Художники вошли в подъезд, в кромешной тьме, как скалолазы, поднимались по лестнице на одиннадцатый этаж.
– Расступитесь! У вас нет света!
Прикололи к дверям манифест: «Несколько художников-евреев вторично объединяются…»
Еще двенадцать свечей водрузил Азбель на ханукию. Художники по одному представляли свои полотна. Абезгауз – «Горда была Юдифь, но печальна». Это окраина села, женщина в летнем яркоцветье, в правой руке ее окровавленный серп, в левой руке – чубатая голова, прикрытый глаз, казацкие усы…
– Картина продается? – спросил Рубин.
– Здесь все продается.
Коллекционер Глейзер взял под локоть Александра Лернера.
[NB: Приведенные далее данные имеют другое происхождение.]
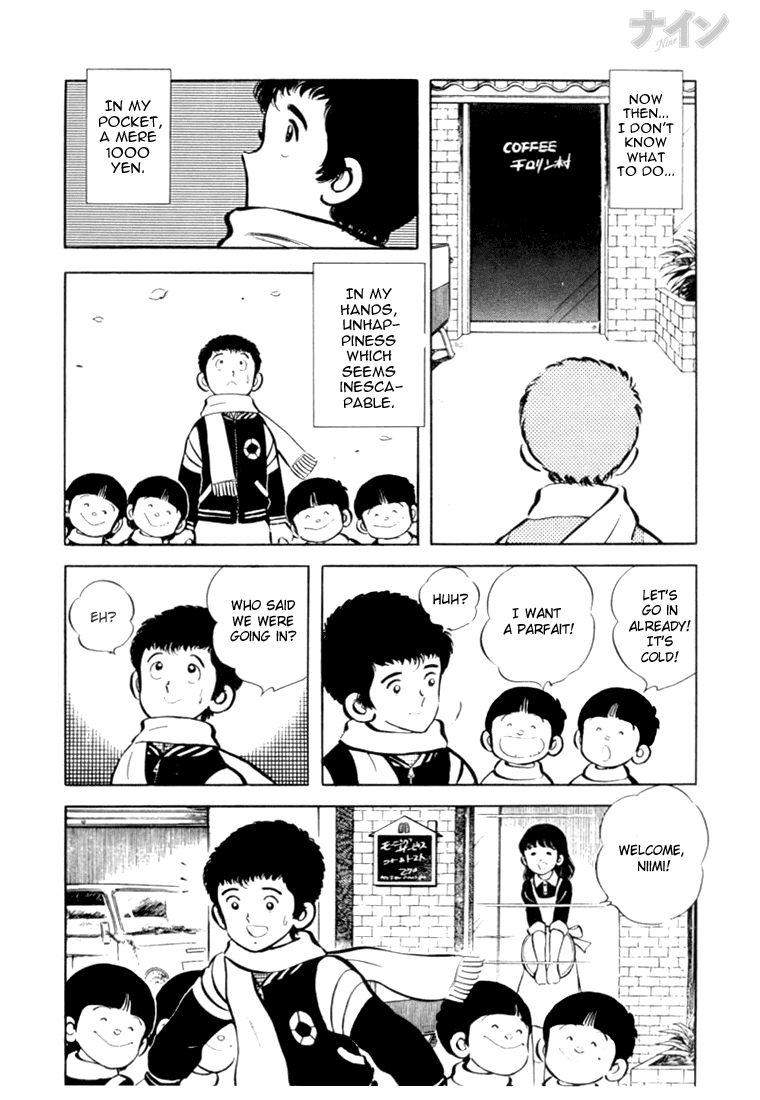 Read Nine Manga Online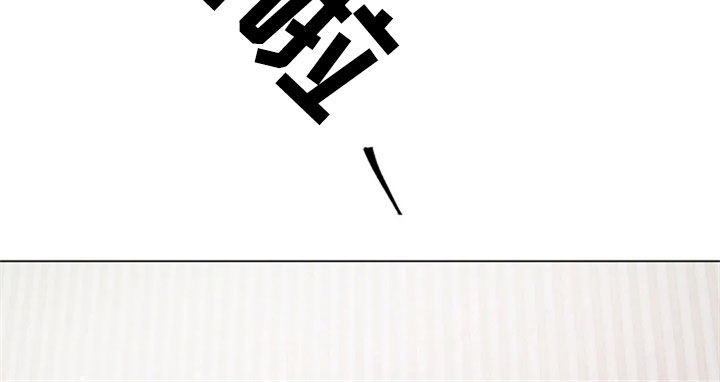 第50章：探望17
– А вы, профессор, когда выставляетесь?
– У меня в Иерусалиме постоянная выставка.
– Дайте приглашение.
– Кто бы мне дал.
– Три года между небом и землей: ни работы, ни денег, и не видно конца. Зло берет, – Рубин и впрямь был в отчаянии после того, как за ним установили круглосуточную слежку. – Кто поведет людей на коллективное самоубийство?
– А что-о, уже хана? – удивился Эрнст Неизвестный.
– Мы уже гибли безропотно, поодиночке, – сказал Рубин.
– У тебя, Виталий, нет русского терпения, – улыбнулся скульптор. – Всегда остается какая-то надежда.